It's a long story - the [1/N] changelog spells out the considerations
- "Add and use memdesc_flags_t" from Matthew Wilcox gets us started on
the memdesc project. Please see
https://kernelnewbies.org/MatthewWilcox/Memdescs and
https://blogs.oracle.com/linux/post/introducing-memdesc
- "Tiny optimization for large read operations" from Chi Zhiling
improves the efficiency of the pagecache read path
- "Better split_huge_page_test result check" from Zi Yan improves our
folio splitting selftest code
- "test that rmap behaves as expected" from Wei Yang adds some rmap
selftests
- "remove write_cache_pages()" from Christoph Hellwig removes that
function and converts its two remaining callers
- "selftests/mm: uffd-stress fixes" from Dev Jain fixes some UFFD
selftests issues
- "introduce kernel file mapped folios" from Boris Burkov introduces
the concept of "kernel file pages". Using these permits btrfs to
account its metadata pages to the root cgroup, rather than to the
cgroups of random inappropriate tasks
- "mm/pageblock: improve readability of some pageblock handling" from
Wei Yang provides some readability improvements to the page allocator
code
- "mm/damon: support ARM32 with LPAE" from SeongJae Park teaches DAMON
to understand arm32 highmem
- "tools: testing: Use existing atomic.h for vma/maple tests" from
Brendan Jackman performs some code cleanups and deduplication under
tools/testing/
- "maple_tree: Fix testing for 32bit compiles" from Liam Howlett fixes
a couple of 32-bit issues in tools/testing/radix-tree.c
- "kasan: unify kasan_enabled() and remove arch-specific
implementations" from Sabyrzhan Tasbolatov moves KASAN arch-specific
initialization code into a common arch-neutral implementation
- "mm: remove zpool" from Johannes Weiner removes zspool - an
indirection layer which now only redirects to a single thing
(zsmalloc)
- "mm: task_stack: Stack handling cleanups" from Pasha Tatashin makes a
couple of cleanups in the fork code
- "mm: remove nth_page()" from David Hildenbrand makes rather a lot of
adjustments at various nth_page() callsites, eventually permitting
the removal of that undesirable helper function
- "introduce kasan.write_only option in hw-tags" from Yeoreum Yun
creates a KASAN read-only mode for ARM, using that architecture's
memory tagging feature.

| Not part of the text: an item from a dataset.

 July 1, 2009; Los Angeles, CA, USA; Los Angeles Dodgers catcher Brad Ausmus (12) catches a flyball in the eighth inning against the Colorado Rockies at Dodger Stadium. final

It is felt that a read-only mode KASAN is
suitable for use in production systems rather than debug-only
- "mm: hugetlb: cleanup hugetlb folio allocation" from Kefeng Wang does
some tidying in the hugetlb folio allocation code
- "mm: establish const-correctness for pointer parameters" from Max
Kellermann makes quite a number of the MM API functions more accurate
about the constness of their arguments. This was getting in the way
of subsystems (in this case CEPH) when they attempt to improving
their own const/non-const accuracy
- "Cleanup free_pages() misuse" from Vishal Moola fixes a number of
code sites which were confused over when to use free_pages() vs
__free_pages()
- "Add Rust abstraction for Maple Trees" from Alice Ryhl makes the
mapletree code accessible to Rust. Required by nouveau and by its
forthcoming successor: the new Rust Nova driver
- "selftests/mm: split_huge_page_test: split_pte_mapped_thp
improvements" from David Hildenbrand adds a fix and some cleanups to
the thp selftesting code
- "mm, swap: introduce swap table as swap cache (phase I)" from Chris
Li and Kairui Song is the first step along the path to implementing
"swap tables" - a new approach to swap allocation and state tracking
which is expected to yield speed and space improvements. This
patchset itself yields a 5-20% performance benefit in some situations
- "Some ptdesc cleanups" from Matthew Wilcox utilizes the new memdesc
layer to clean up the ptdesc code a little
- "Fix va_high_addr_switch.sh test failure" from Chunyu Hu fixes some
issues in our 5-level pagetable selftesting code
- "Minor fixes for memory allocation profiling" from Suren Baghdasaryan
addresses a couple of minor issues in relatively new memory
allocation profiling feature
- "Small cleanups" from Matthew Wilcox has a few cleanups in
preparation for more memdesc work
- "mm/damon: add addr_unit for DAMON_LRU_SORT and DAMON_RECLAIM" from
Quanmin Yan makes some changes to DAMON in furtherance of supporting
arm highmem
- "selftests/mm: Add -Wunreachable-code and fix warnings" from Muhammad
Anjum adds that compiler check to selftests code and fixes the
fallout, by removing dead code
- "Improvements to Victim Process Thawing and OOM Reaper Traversal
Order" from zhongjinji makes a number of improvements in the OOM
killer: mainly thawing a more appropriate group of victim threads so
they can release resources
- "mm/damon: misc fixups and improvements for 6.18" from SeongJae Park
is a bunch of small and unrelated fixups for DAMON
- "mm/damon: define and use DAMON initialization check function" from
SeongJae Park implement reliability and maintainability improvements
to a recently-added bug fix
- "mm/damon/stat: expose auto-tuned intervals and non-idle ages" from
SeongJae Park provides additional transparency to userspace clients
of the DAMON_STAT information
- "Expand scope of khugepaged anonymous collapse" from Dev Jain removes
some constraints on khubepaged's collapsing of anon VMAs. It also
increases the success rate of MADV_COLLAPSE against an anon vma
- "mm: do not assume file == vma->vm_file in compat_vma_mmap_prepare()"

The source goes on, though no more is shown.